DATABERG
Why large corporations are now focusing on Smart Data?
There is no discussion around the relevance that the Big Data concept has gained in the corporate world. But there are some other parallel concepts that, little by little, are experiencing a good evolution inside the data and analytics strategies of the business, such as small data, dark data, or Smart Data.
Today we are going to focus on this last one: Smart Data. The main reason why Smart Data has become a relevant trend is that it offers a more efficient and profitable strategy to manage and leverage the vast amount of data and information companies are generating.

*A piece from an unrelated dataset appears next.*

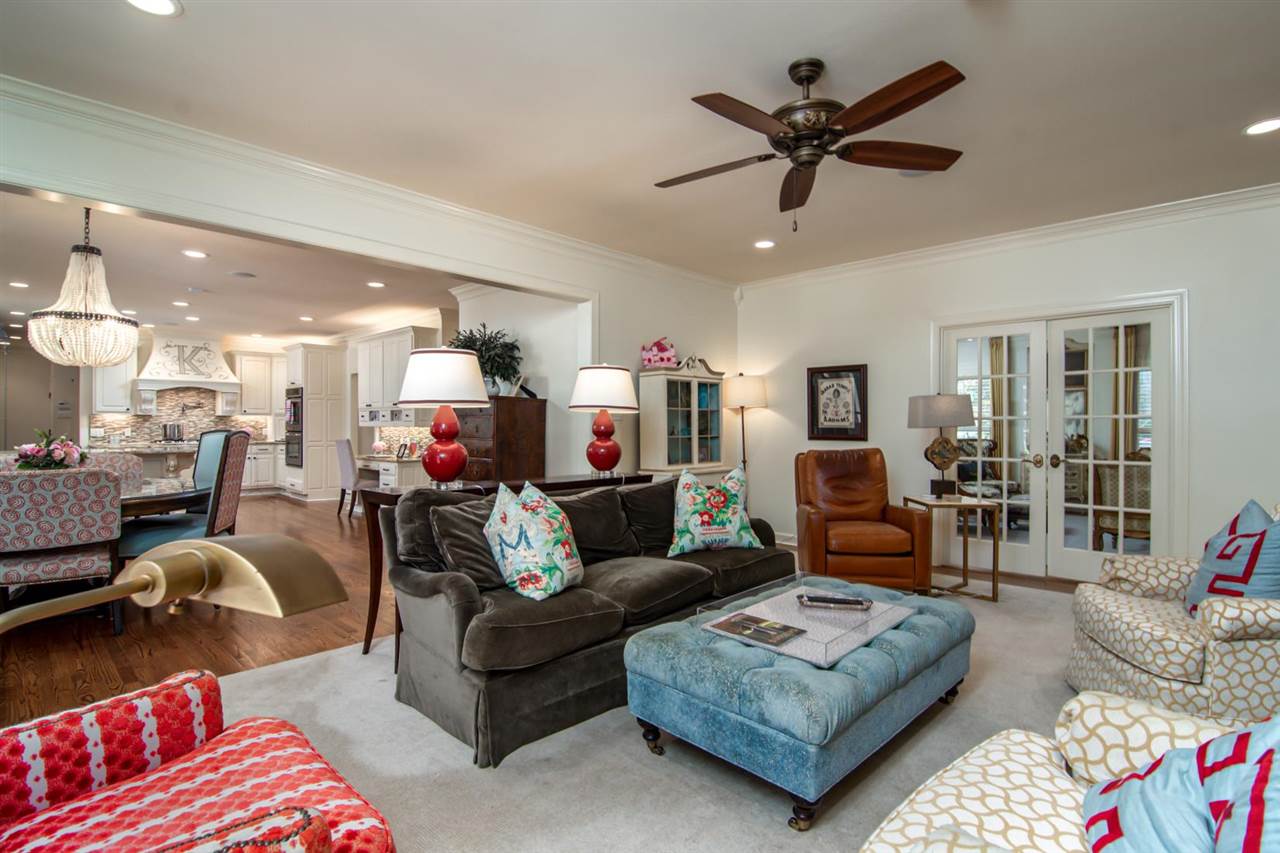 HICKORY CREEK - Residential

From Big Data to Smart Data
Let's start by understanding what each one of these concepts exactly means by reviewing its definition. Based on Wikipedia's definition "Big data" is a field that treats ways to analyze, systematically extract information from, or otherwise deal with data sets that are too large or complex to be dealt with by traditional data-processing application software. For Smart Data, we can find more discrepancy among different definitions, but this one might be a good one: Smart data is the digital information that is formatted so it can be acted upon at the collection point before being sent to a downstream analytics platform for further data consolidation and analytics.
So, in summary, while big data refers to the volume of data that can be managed; smart data focuses on the valuable data, so more on the quality rather than the quantity.

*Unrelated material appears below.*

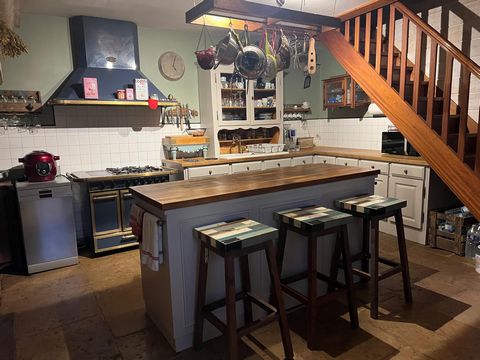 Maison ancienne rénovée de 209 m2, dépendance et terrain de 1900 m2.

The rise of Smart Data projects has his root, in fact, in the failure of many Big data projects. Based on a recent Dataversity report, more than 63% of Big Data projects have not been successful in data-driven insights. And here is where Smart Data appears as a perfect tool to collect, compile, and process these data to prepare it for being efficiently used in generating new insights. Big Data means volume, variety, velocity, and veracity. But Smart Data also means Value.
How Smart Data is created
One of the main advantages of Smart Data lies in how these data are generated. Because data is not smart per se, you need to process it to make it smart. And the beauty of Smart Data is that this transformation happens most of the time close to the data source, thanks mainly to Edge Computing technologies. So Smart Data is formatted at the collection point, so we transform unstructured and non-valued data into structured and valuable data ready for further consolidation and analysis.
And that's why Smart Data is gaining prominence because it offers an opportunity to develop more efficient and faster data and analytics.

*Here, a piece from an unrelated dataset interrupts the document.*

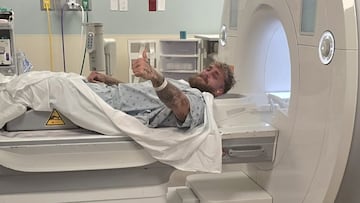Jake Paul haciéndose una resonancia magnética.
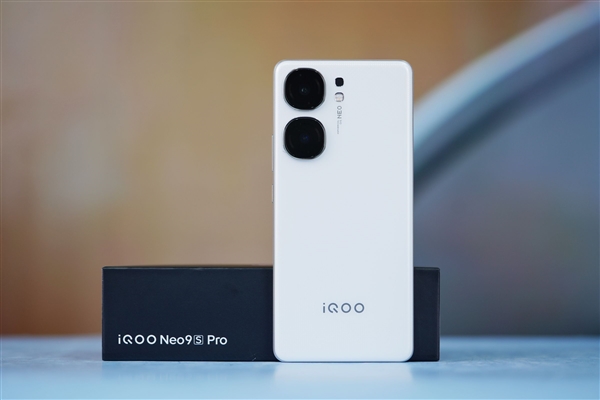 首批搭載天璣9300+!iQOO Neo9S Pro圖賞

By applying some decisions and processes over incoming data immediately, at the same entry point, we avoid the need for processing power from a centralized system. So we moved from batch processing to edge processing. Around 10% of enterprise-generated data is created and processed outside a traditional centralized data center or cloud. By 2022, Gartner predicts this figure will reach 75%.
Thanks to Smart Data, we can develop, for example, real-time analytics; as data arriving at the output sink already processed makes it more accessible and faster to transform it into insight. Smart data can monitor data at the source and capture only the events that are relevant for our analytics-purpose.
Why collect Smart Data
As we've already explained, the Big Data approach of many large corporations, that had proved to fail, consisted of collecting everything, all data, and storing it in the famous "Data Lake." During the last few years that was a trend among large enterprises, to build a Data Lake. And most of them feel proud and spread the word about why and how they were making the data lake and feeding it with Big Data. The main objective of these data lakes for companies is to have all their data in one single place so they can use it afterward for whatever analytics or even AI project they want to implement in the future (near future, or even present). However, two main concerns had recently arisen:
One is that although they are trying their best and using the latest technologies to gather all the organizational data, in reality, there is enormous volume and types of data not being collected (dark data), the data still lacks quality, quantity, or may even be in the wrong format. Organizations are managing more or less to gather all their structured data and the most innovative ones, even the unstructured but stored data. But the non-stored and unstructured data organizations are generating; the dark data still counts for at least 80% of data generated by companies.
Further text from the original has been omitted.